The result of all this is that London has become the home for an alphabet soup of terrorist groups from across the globe. No wonder so many foreign governments complain about the genteel way their enemies are treated.
Under the regulations introduced earlier this year, the Home Secretary can now proscribe certain named groups or their fronts, such as Hamas and Hizbullah, and close their bank accounts. The list of groups extends from the obvious, such as al-Qaeda, to the Kurdish PKK and more obscure Macedonian, Albanian, Chechen and Kashmiri rebels. Some of these groups accommodate numerous splinter groups in much the same way that the Palestinian cause attracts activists from across the spectrum, with some, like Palestinian Islamic Jihad and the Abu Nidal Organisation, rejecting the authority of the PLO. Similarly, Kashmiris are highly fragmented, with four organisations operating in Britain. One of them, the Jaish e Mohammed, is led by Masud Azhar, who is trying to unite all the Kashmiri Islamic groups, and is also committed to a jihad against the US. The Jaish is of particular interest to MI5 as a British passport holder, of Pakistani origin, was arrested by the Indian police in Srinigar and charged with terrorist offences. The implication was that he had been recruited and trained in Britain.

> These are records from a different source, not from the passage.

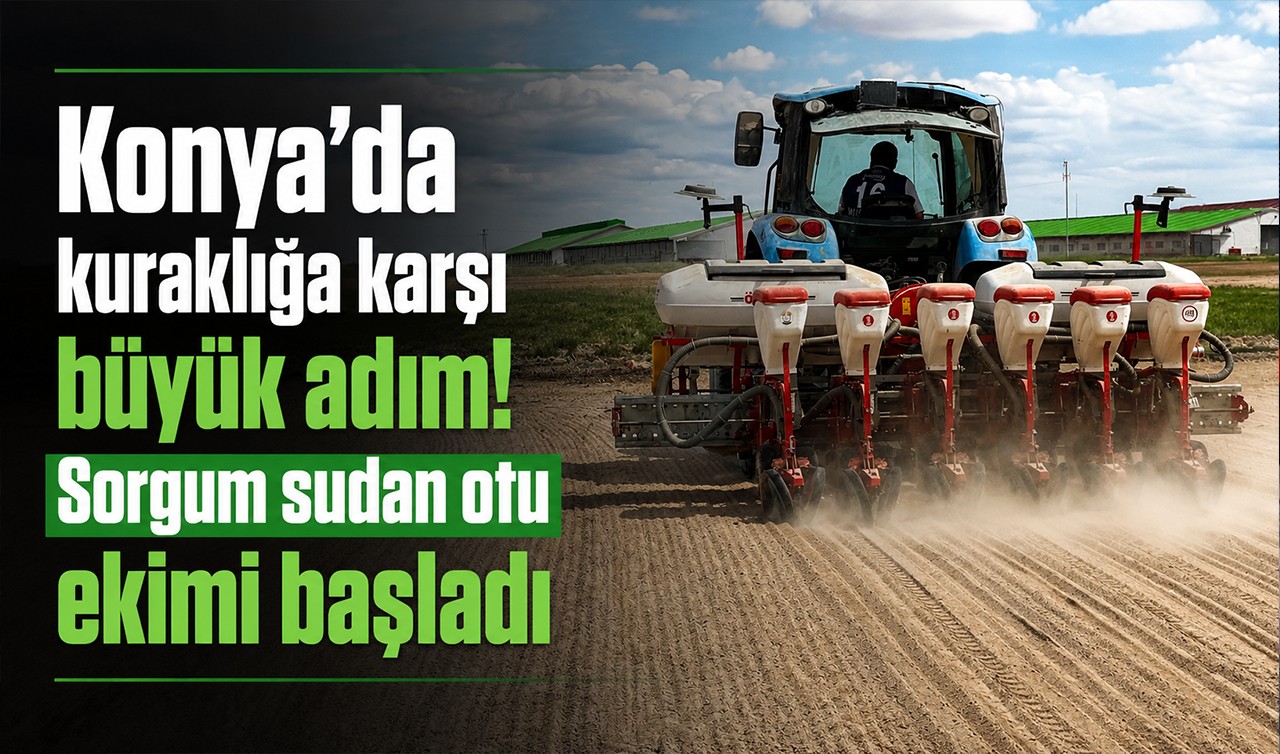 Konya’da kuraklığa karşı büyük adım! Sorgum sudan otu ekimi başladı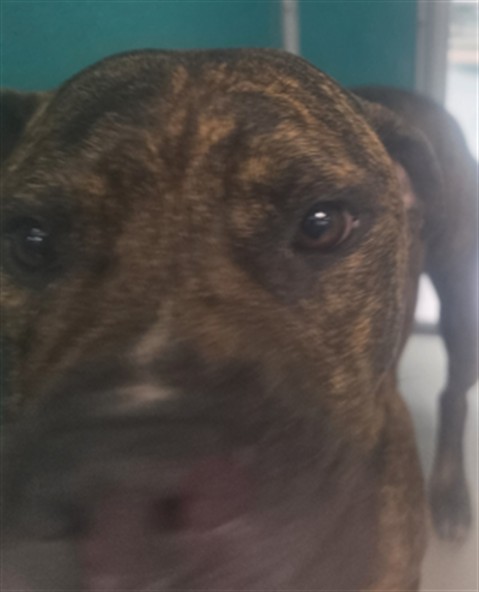 Adoptable Dog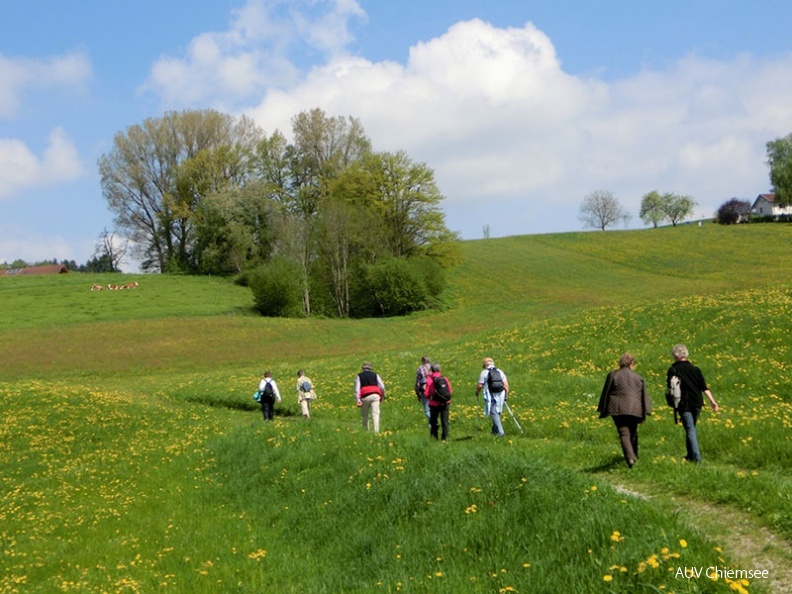 <br />
<a href="http://www.chiemseeagenda.de/thema/72/artikel/eine-wanderung-durch-fruehlingswiesen" target="_blank"><u>mit einem <i><b>Mausklick!</b></i> <br />
zum Tagebucheintrag<br />
mit weiteren Fotos</u></a><br />auf dem Weg zur Ratzinger Höhe / 5.05.2013<br />
Foto: Hanns Senger AktNatBeo-bg-10-CIMG1566.jpg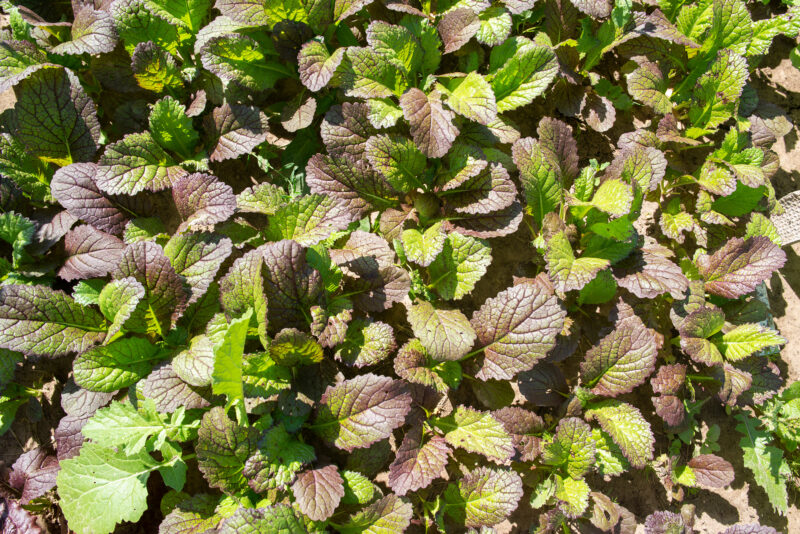 Mustard Purple Vegetable Seeds - Image 2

The Sikh secessionists, dedicated to an independent Khalistan within the Punjab, either support the International Sikh Youth Federation (which plots assassination in India but does not have any quarrel with western interests), or the Babbar Khalsa, which was created in 1978.
The largest other, non-Islamic group active in Britain is the Tamil Tigers, who have never sought to extend the conflict to establish an independent state outside Sri Lanka, apart from the assassination of Rajiv Gandhi in 1991. The Tamil Tiger activities in London are quite overt, with much emphasis on fund-raising, prompting frequent protests from the Sri Lankan Embassy.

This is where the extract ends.